The biblical books of Daniel and Revelation were written approximately 2500 and 2000 years ago. They contained age-spanning prophecies of the future. Most of that future is now history, and the climax is approaching.
This introductory presentation gives a very simple overview of the meaning of two parallel prophecies in Daniel, and how they connect with the prophecy of Revelation.
You can either move through the slides and read the notes underneath at your own pace, or click on the video below to see and hear a recorded live presentation.
When Daniel was younger, Nebuchadnezzar, the king of Babylon, had a dream. The vision was also given to Daniel. He saw a great metallic idol. It had a head of gold, chest and arms of silver, stomach and thighs of brass, and legs of iron. The iron continued through to the toes but was mingled with clay from the feet downwards.
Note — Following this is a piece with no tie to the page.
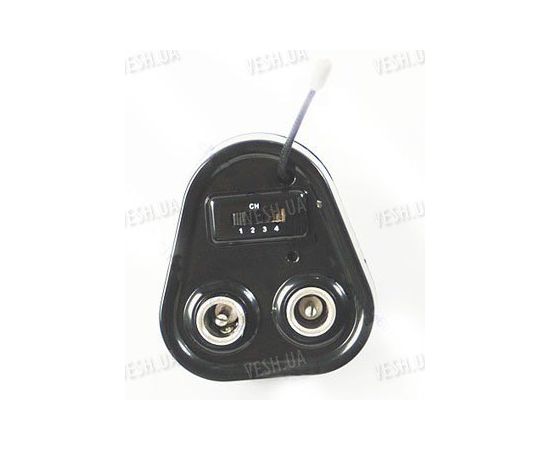 4-х канальный BNC 10mW беспроводной передатчик видео сигнала (конвертор) для проводных видео камер на расстояние до 100 метров (2.4GHz), фото 3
The idol was destroyed by a stone that fell upon its feet. The stone then grew into a large mountain, ultimately filling the earth. The story is given in the second chapter of Daniel.
Towards the end of Daniel’s life, he saw a second vision which paralleled the meaning of the first. This was a vision of four fantastic beasts arising from the sea in succession (Daniel 7).
Both these visions were interpreted as four great kingdoms or empires which would succeed each other. The legs of iron and feet of iron mixed with clay were counted as one iron kingdom, but having two phases.
The first kingdom, the golden head, was identified with Nebuchadnezzar, representing the Babylonian Empire.
In both visions, it is the fourth and last kingdom that is emphasised as the most dangerous.
In Nebuchadnezzar’s dream, the metallic idol was destroyed by a stone, unshaped by man’s hand, that fell upon the feet of the image. This completely destroyed not only the feet of iron and clay, but the whole idol, reducing it to virtual powder and allowing it to be blown away by the wind. This prophecy is where we get the saying “feet of clay”.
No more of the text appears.